Kanata
 

No parking on Uplands after Lulu traffic 'nightmare'

Posted Feb 2, 2012 By Laura Mueller



After the local city councillor raised concerns about traffic and parking after a warehouse sale at the new CE Centre, "no-parking" signs have been installed along Uplands Drive.

The Lululemon sale at the new trade-show centre on Jan. 20 led to a backlog of vehicles on Uplands Drive and Hunt Club Road leading to the CE Centre at 4899 Uplands Dr.

The congestion was enough to elicit angry calls to the office of Gloucester-Southgate Coun. Diane Deans. That sparked Deans to file a lengthy inquiry at the city council meeting on Jan. 25, asking what could be done to alleviate future traffic issues in the area.

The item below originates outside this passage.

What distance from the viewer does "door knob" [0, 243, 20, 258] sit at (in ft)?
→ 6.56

Deans also asked if the city would consider putting "no-parking" signs along Uplands, where people parked during the sale and overstayed the three-hour on-street parking limit during the sale. By the time the day was through, those signs had already been installed from Breadner Boulevard to the Airport Parkway.

Deans called the issue a "double-edged sword."

"Clearly it's an important centre for economic development in the city and clearly it's an early success, and that's good news," Deans said. "On the other hand, we don't want it to be a traffic circulation nightmare for local residents and people trying to access the airport."

When the planning committee looked at the proposal in 2010, Deans said she expressed concern about the traffic circulation. She wanted to see a peer review of the city's traffic study, but staff said it was necessary.

"But now I'm thinking maybe it was," Deans added.

But a memo to city councillors from CE Centre president, Kevin McCrann, states that the company feels its upgrades to traffic circulation have had a positive effect.

"The fact of the matter is there was at no time, any traffic backed up onto the parkway. We were confident in our planning and were thrilled to see the flow coming from the parkway as planned," he stated in the letter.

There still remains some additional traffic-circulation work to be done at the parkway in the spring, McCrann noted.

McCrann said that he was happy to see the installation of "no-parking" signs on Uplands because he felt that people using the road to park along was "dangerous." McCrann said the centre's staff did call bylaw services to help enforce the parking limits, but because parking wasn't restricted on Uplands at the time, "there was limited action they were able take," McCrann said.

But McCrann also wrote in his letter that the CE Centre's parking lot, which can hold more than 2,000 vehicles, was never more than 65 per cent full. The centre's website lists the parking fee as $7.